▶ **Recorded data**
"""

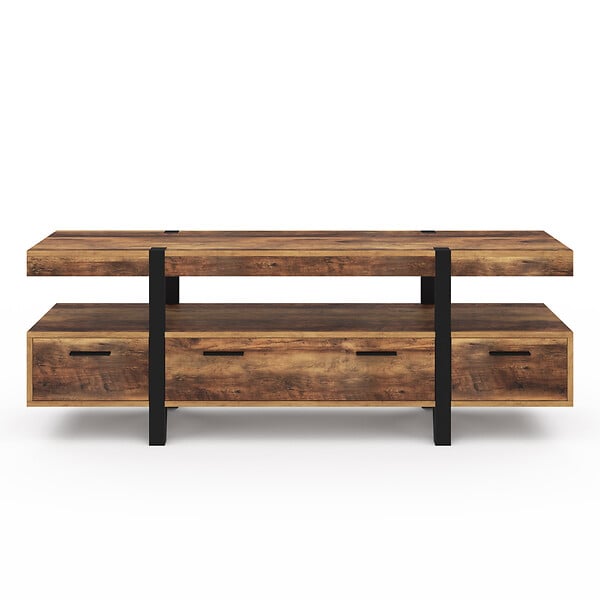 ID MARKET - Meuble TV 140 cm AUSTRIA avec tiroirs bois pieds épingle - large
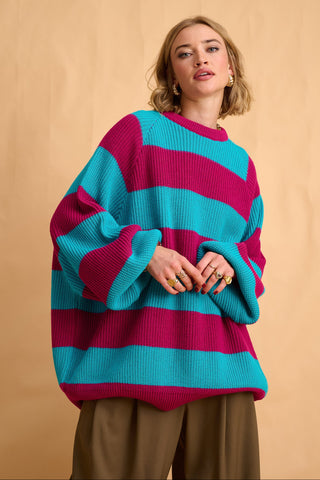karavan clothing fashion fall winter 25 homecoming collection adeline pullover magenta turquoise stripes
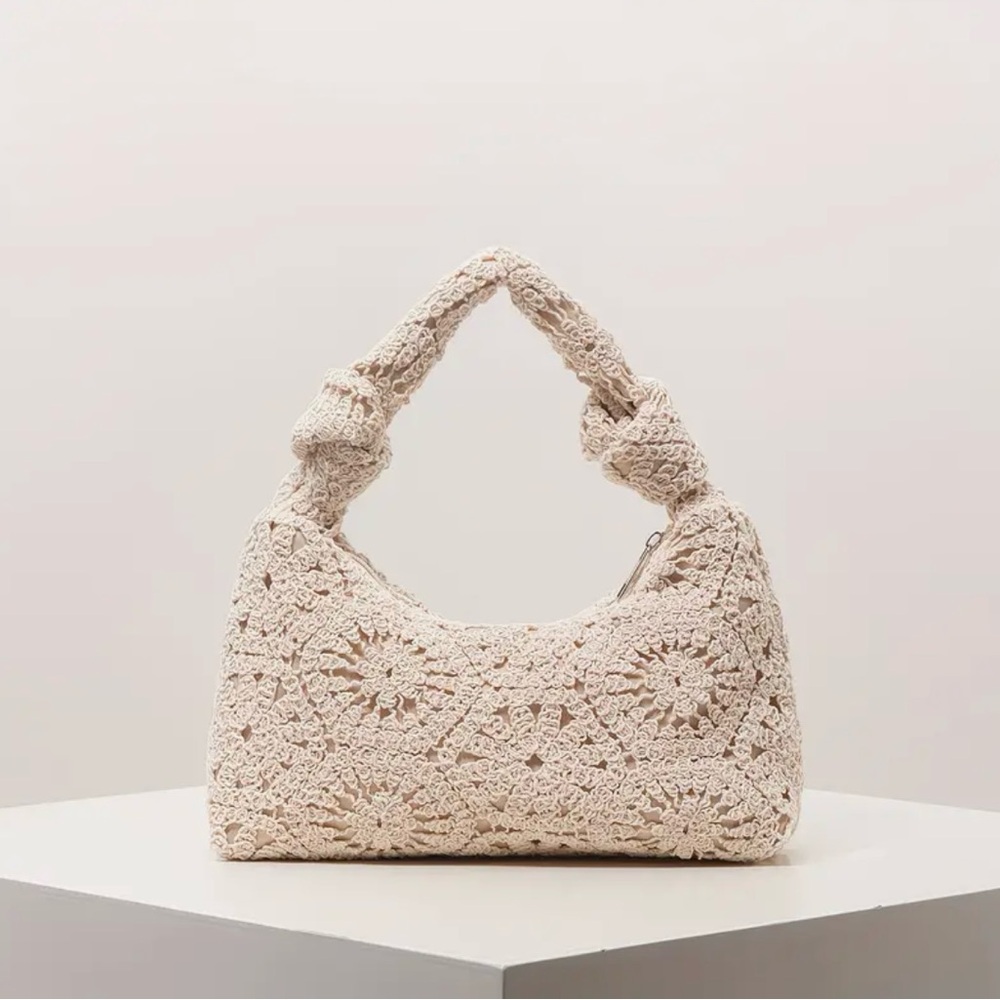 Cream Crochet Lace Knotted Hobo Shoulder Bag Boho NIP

"""

▶ **What to produce**
Copy all the data exactly as written, but skip any picture.

▶ **Finished exercise**
 ID MARKET - Meuble TV 140 cm AUSTRIA avec tiroirs bois pieds épingle - large
karavan clothing fashion fall winter 25 homecoming collection adeline pullover magenta turquoise stripes
 Cream Crochet Lace Knotted Hobo Shoulder Bag Boho NIP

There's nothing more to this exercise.